- Directions -
Retype the lines below exactly, from the one that contains "Yellow-gold-tone earrings lie" through the last, and leave every picture out.

(Image-caption web data)
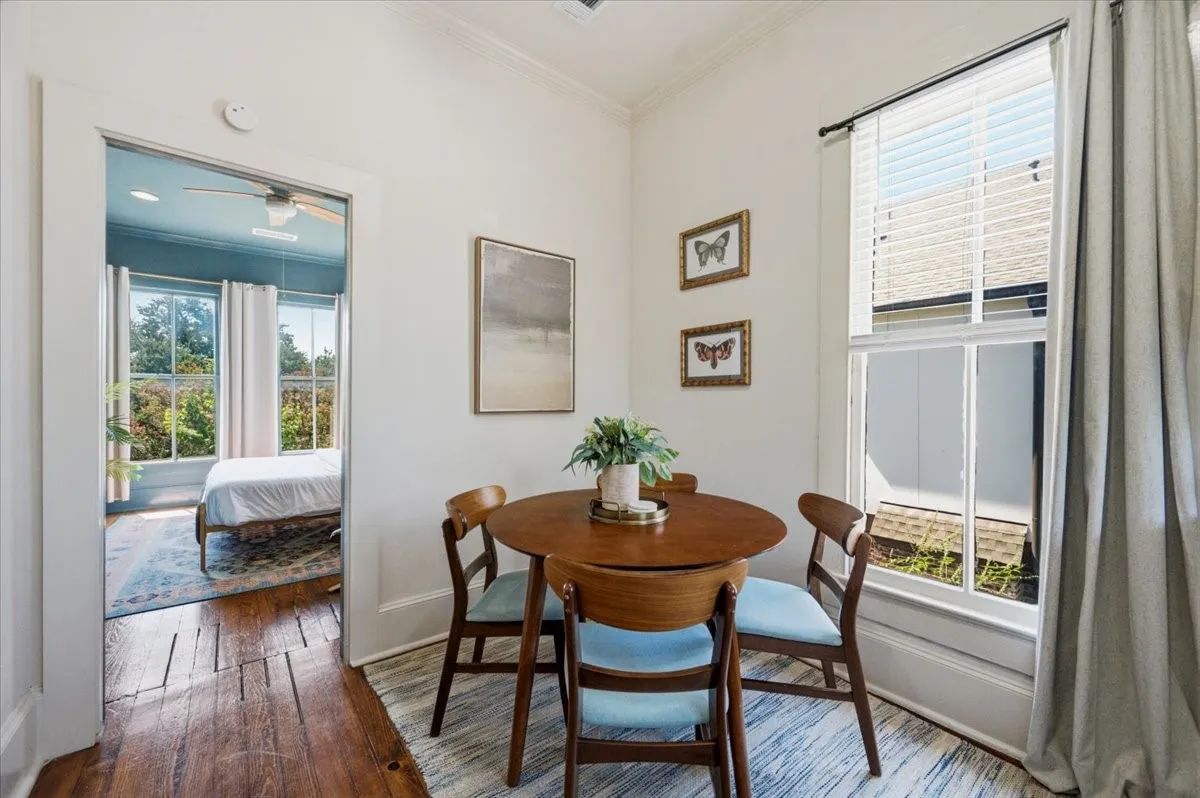 Hardwood flooring, painted white walls, and a window with blinds and drapery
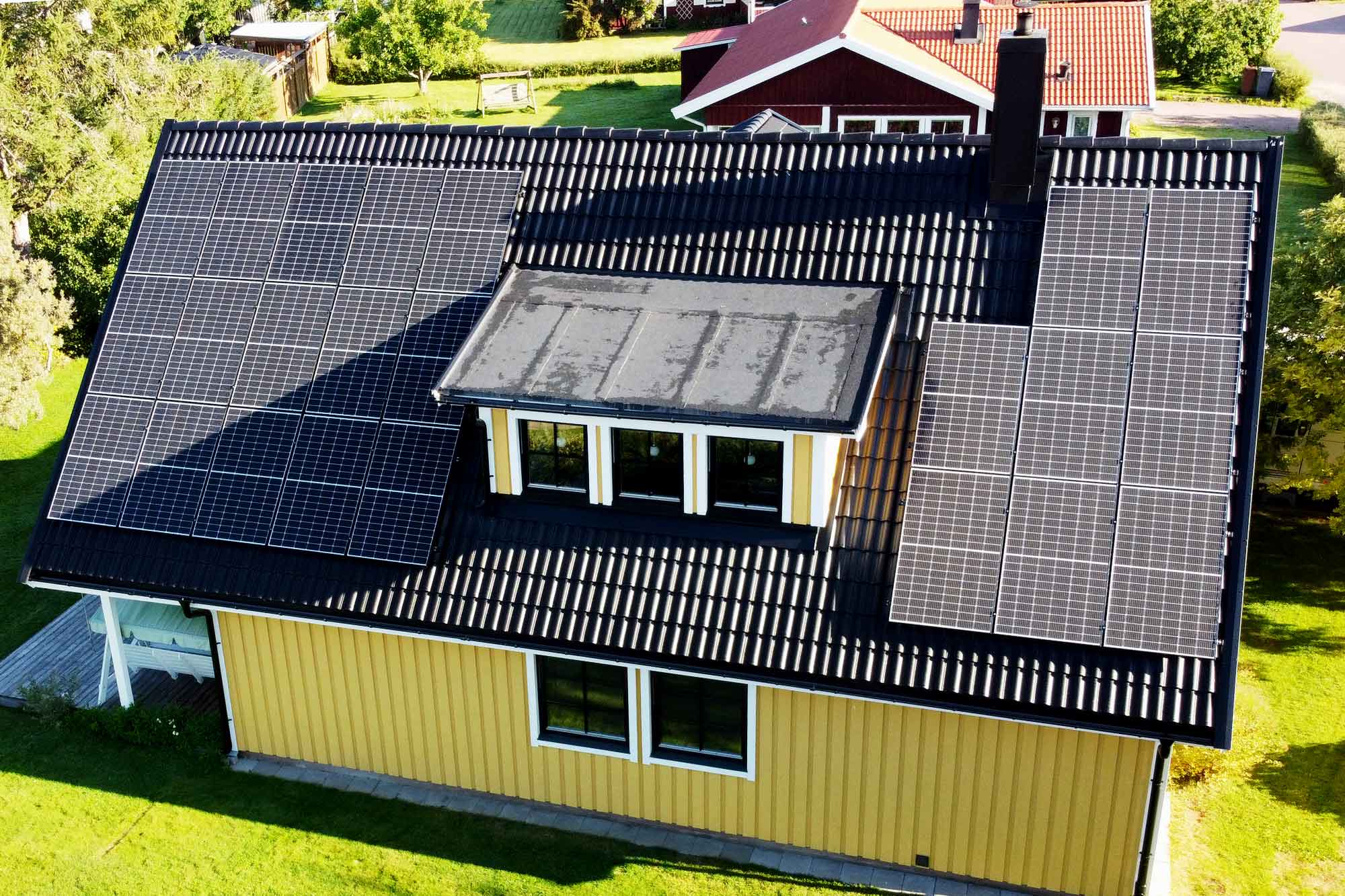 Gul fasad, svarta takpannor och solceller som snyggt smälter in!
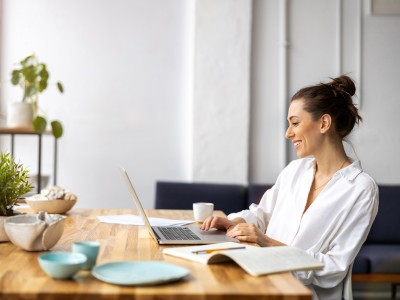 Junge Frau sitzt mit Laptop am Tisch 
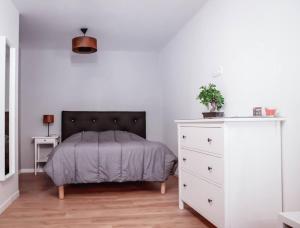 a bedroom with a bed and a white dresser at 1 Le Cocon Mosaïque Centre-ville in Ernée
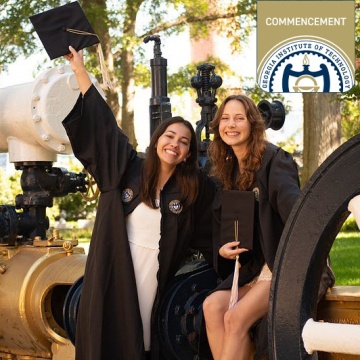 students posing in regalia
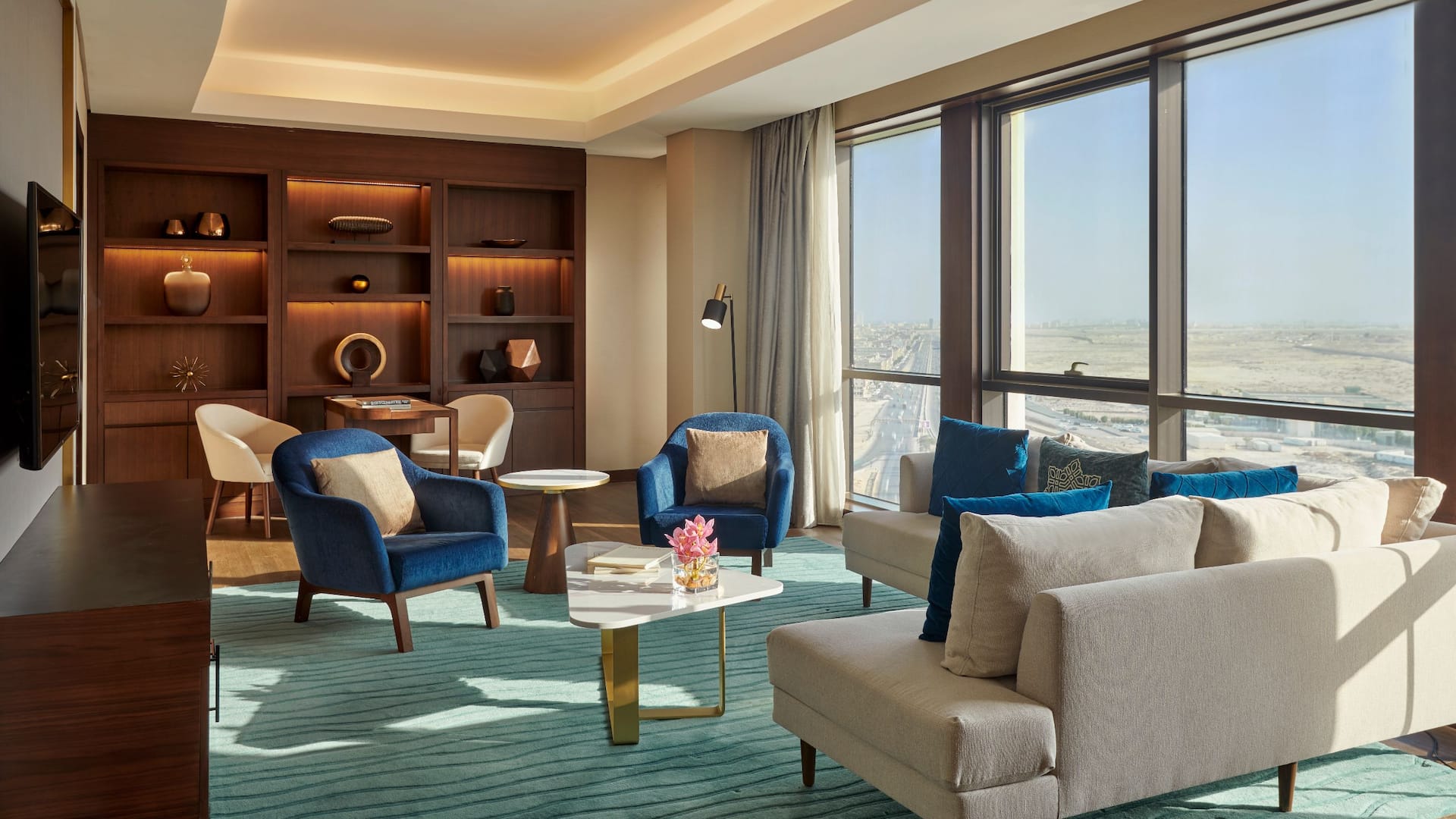 Spacious and elegantly designed living area in the Three Bedroom Apartment at Grand Hyatt Al Khobar, featuring modern furnishings, floor to ceiling windows, and a stunning city view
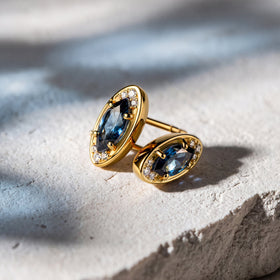 Yellow-gold-tone earrings lie together on a light stone surface with soft directional shadows.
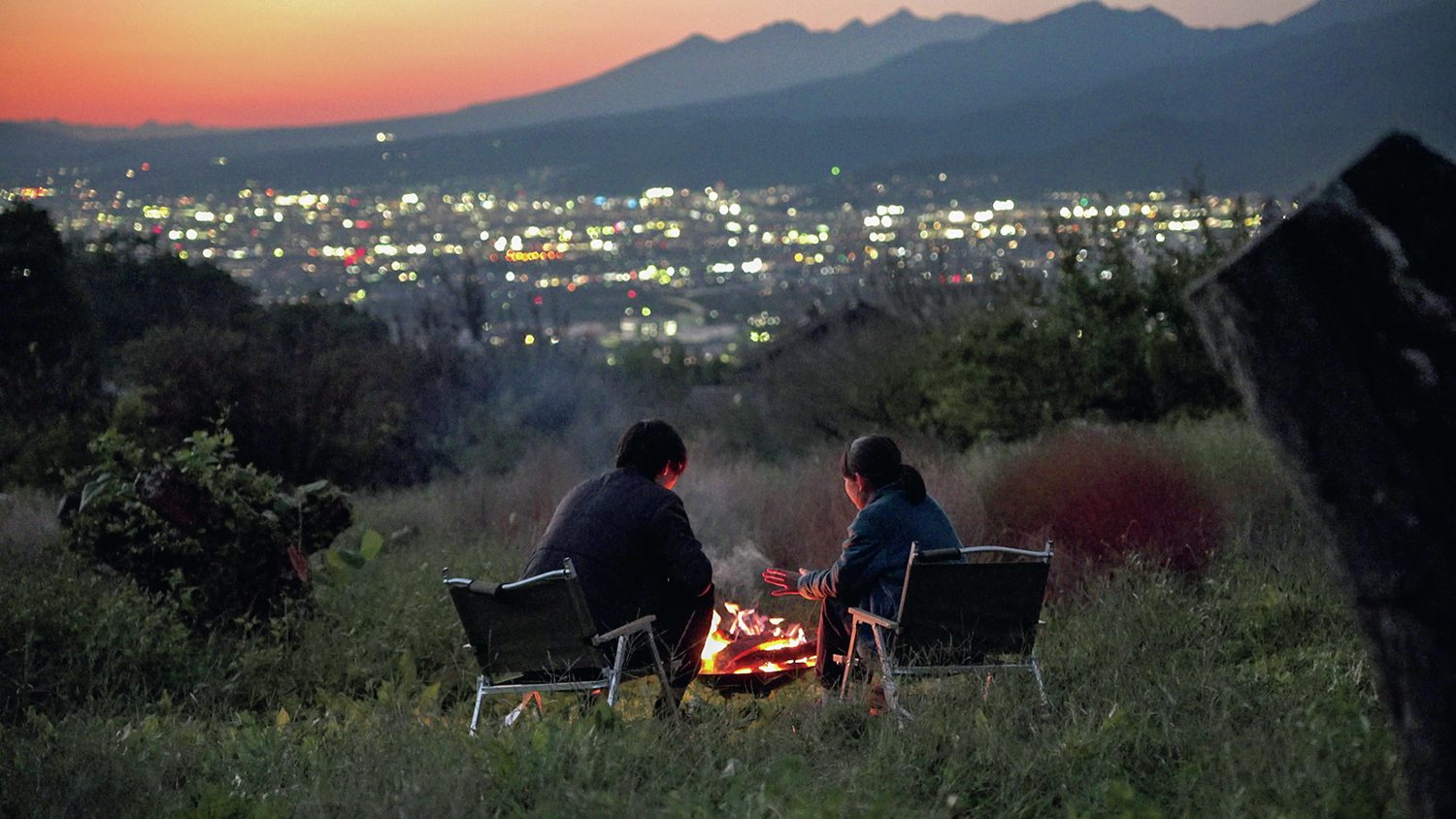 屋外で焚火を楽しむ2人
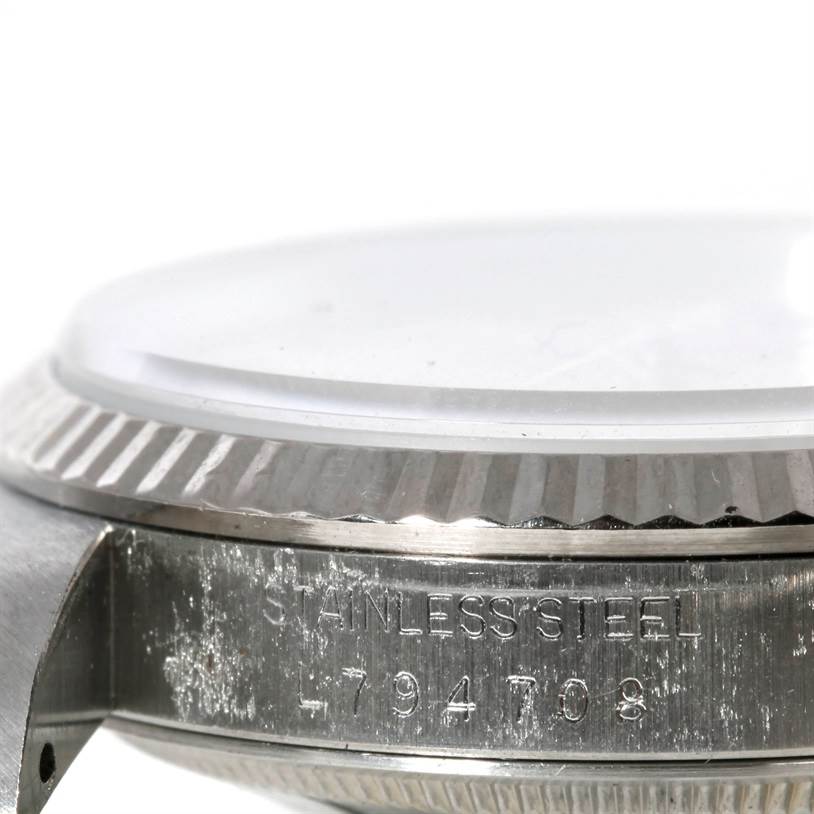 The image shows a close-up of the side of a Rolex Datejust 16234 Men's Stainless Steel Silver Dial 16234 Men's Stainless Steel Silver Dial watch, highlighting the serial number and stainless steel material.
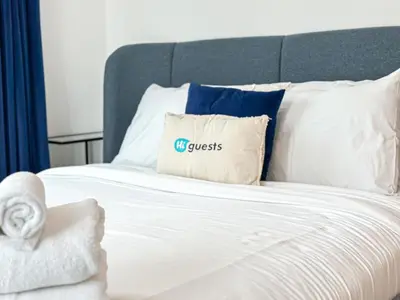 a bed with a comforter with a guess pillow on it at Near Metro & Tram 2bed Dubai Marina Close To Jbr! in Dubai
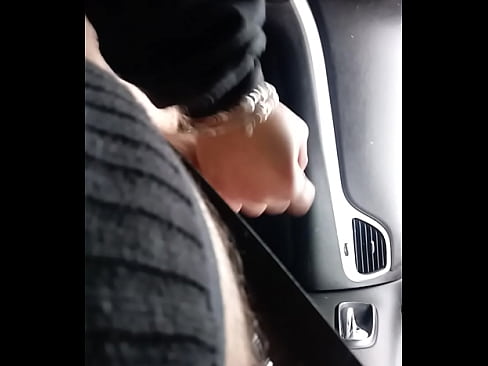 Chubby wife gives handjob while driving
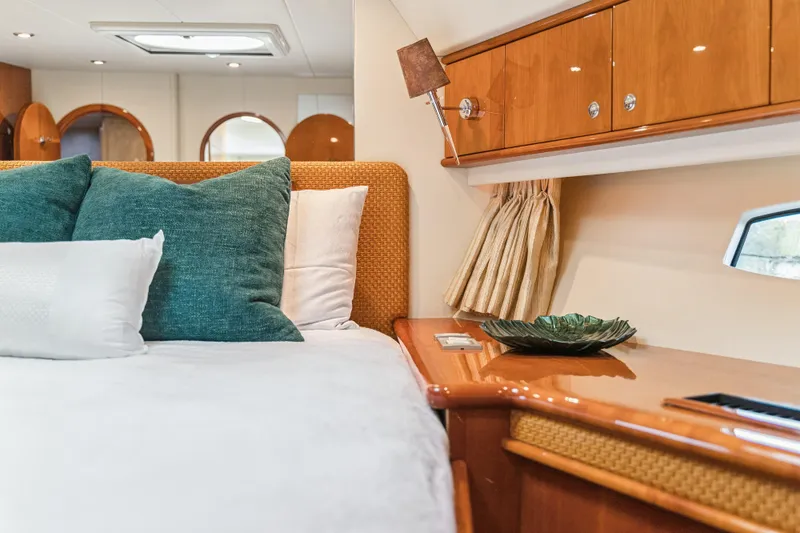 Day To Day Yacht Photos Pics Luxurious bedroom interior of 2008 Neptunus 62 Flybridge yacht with elegant wood finish.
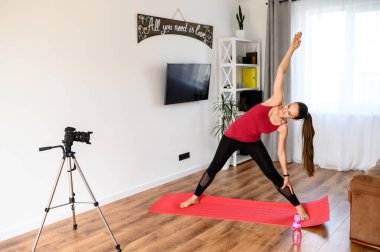Genç bir kadın yoga videolarını evde kaydediyor.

- Exercise result -
 Yellow-gold-tone earrings lie together on a light stone surface with soft directional shadows.
 屋外で焚火を楽しむ2人
 The image shows a close-up of the side of a Rolex Datejust 16234 Men's Stainless Steel Silver Dial 16234 Men's Stainless Steel Silver Dial watch, highlighting the serial number and stainless steel material.
 a bed with a comforter with a guess pillow on it at Near Metro & Tram 2bed Dubai Marina Close To Jbr! in Dubai
 Chubby wife gives handjob while driving
 Day To Day Yacht Photos Pics Luxurious bedroom interior of 2008 Neptunus 62 Flybridge yacht with elegant wood finish.
Genç bir kadın yoga videolarını evde kaydediyor.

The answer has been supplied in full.